2. Motivation
2. Motivation
One of the main reasons for using UUIDs is that no centralized authority is required to administer them (although two formats may leverage optional IEEE 802 Node IDs, others do not). As a result, generation on demand can be completely automated and used for a variety of purposes. The UUID generation algorithm described here supports very high allocation rates of 10 million per second per machine or more, if necessary, so that they could even be used as transaction IDs.
UUIDs are of a fixed size (128 bits), which is reasonably small compared to other alternatives. This lends itself well to sorting, ordering, and hashing of all sorts; storing in databases; simple allocation; and ease of programming in general.
Since UUIDs are unique and persistent, they make excellent URNs. The unique ability to generate a new UUID without a registration process allows for UUIDs to be one of the URNs with the lowest minting cost.
2.1. Update Motivation
Many things have changed in the time since UUIDs were originally created. Modern applications have a need to create and utilize UUIDs as the primary identifier for a variety of different items in complex computational systems, including but not limited to database keys, file names, machine or system names, and identifiers for event-driven transactions.

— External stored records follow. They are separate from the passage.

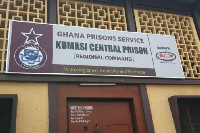 Currently prison inmates were marked GH¢1.80p daily to take care of three square meals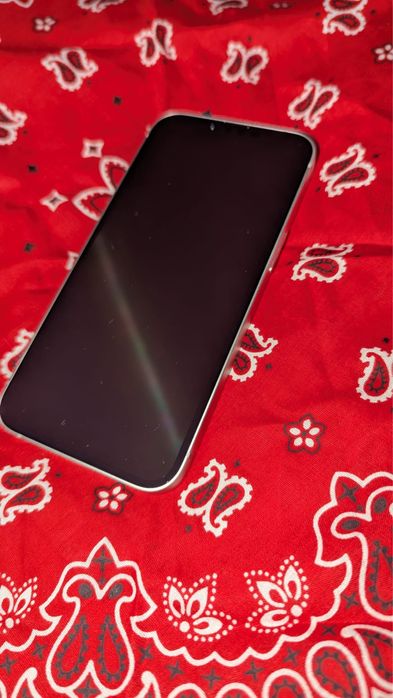 Iphone 16e 128GB deblocat bateria 100%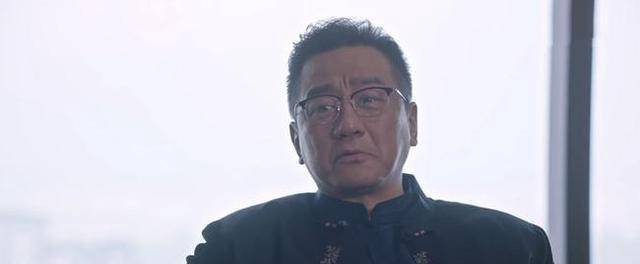 演技|这6位剧抛脸的男演员，演正派让人肃然起敬，演反派让人恨之入骨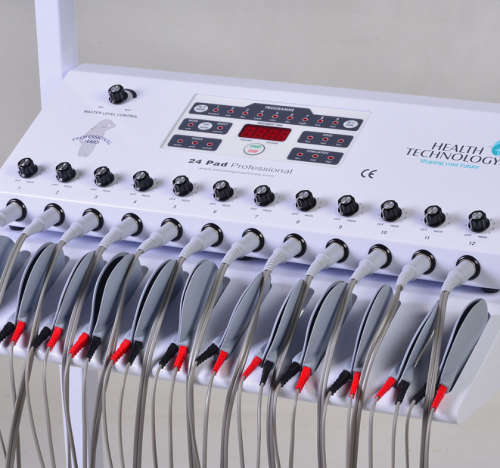 EMS Professsional 24 Pad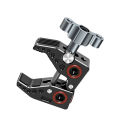 3/8 Inch Clamp Monitor Alloy C 1/4 Inch Camera Inch Clamp Led Aluminum Clamp with Monitor Super Screw.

One area in which UUIDs have gained popularity is database keys. This stems from the increasingly distributed nature of modern applications. In such cases, "auto-increment" schemes that are often used by databases do not work well: the effort required to coordinate sequential numeric identifiers across a network can easily become a burden. The fact that UUIDs can be used to create unique, reasonably short values in distributed systems without requiring coordination makes them a good alternative, but UUID versions 1-5, which were originally defined by [RFC4122], lack certain other desirable characteristics, such as:
-
UUID versions that are not time ordered, such as UUIDv4 (described in Section 5.4), have poor database-index locality. This means that new values created in succession are not close to each other in the index; thus, they require inserts to be performed at random locations. The resulting negative performance effects on the common structures used for this (B-tree and its variants) can be dramatic.
-
The 100-nanosecond Gregorian Epoch used in UUIDv1 timestamps (described in Section 5.1) is uncommon and difficult to represent accurately using a standard number format such as that described in [IEEE754].
-
Introspection/parsing is required to order by time sequence, as opposed to being able to perform a simple byte-by-byte comparison.
-
Privacy and network security issues arise from using a Media Access Control (MAC) address in the node field of UUIDv1. Exposed MAC addresses can be used as an attack surface to locate network interfaces and reveal various other information about such machines (minimally, the manufacturer and, potentially, other details). Additionally, with the advent of virtual machines and containers, uniqueness of the MAC address is no longer guaranteed.
-
Many of the implementation details specified in [RFC4122] involved trade-offs that are neither possible to specify for all applications nor necessary to produce interoperable implementations.
-
[RFC4122] did not distinguish between the requirements for generating a UUID and those for simply storing one, although they are often different.
Due to the aforementioned issues, many widely distributed database applications and large application vendors have sought to solve the problem of creating a better time-based, sortable unique identifier for use as a database key. This has led to numerous implementations over the past 10+ years solving the same problem in slightly different ways.
While preparing this specification, the following 16 different implementations were analyzed for trends in total ID length, bit layout, lexical formatting and encoding, timestamp type, timestamp format, timestamp accuracy, node format and components, collision handling, and multi-timestamp tick generation sequencing:
- [ULID]
- [LexicalUUID]
- [Snowflake]
- [Flake]
- [ShardingID]
- [KSUID]
- [Elasticflake]
- [FlakeID]
- [Sonyflake]
- [orderedUuid]
- [COMBGUID]
- [SID]
- [pushID]
- [XID]
- [ObjectID]
- [CUID]
An inspection of these implementations and the issues described above has led to this document, in which new UUIDs are adapted to address these issues.
Further, [RFC4122] itself was in need of an overhaul to address a number of topics such as, but not limited to, the following:
-
Implementation of miscellaneous errata reports. Mostly around bit-layout clarifications, which lead to inconsistent implementations [Err1957], [Err3546], [Err4975], [Err4976], [Err5560], etc.
-
Decoupling other UUID versions from the UUIDv1 bit layout so that fields like "time_hi_and_version" do not need to be referenced within a UUID that is not time based while also providing definition sections similar to that for UUIDv1 for UUIDv3, UUIDv4, and UUIDv5.
-
Providing implementation best practices around many real-world scenarios and corner cases observed by existing and prototype implementations.
-
Addressing security best practices and considerations for the modern age as it pertains to MAC addresses, hashing algorithms, secure randomness, and other topics.
-
Providing implementations a standard-based option for implementation-specific and/or experimental UUID designs.
-
Providing more test vectors that illustrate real UUIDs created as per the specification.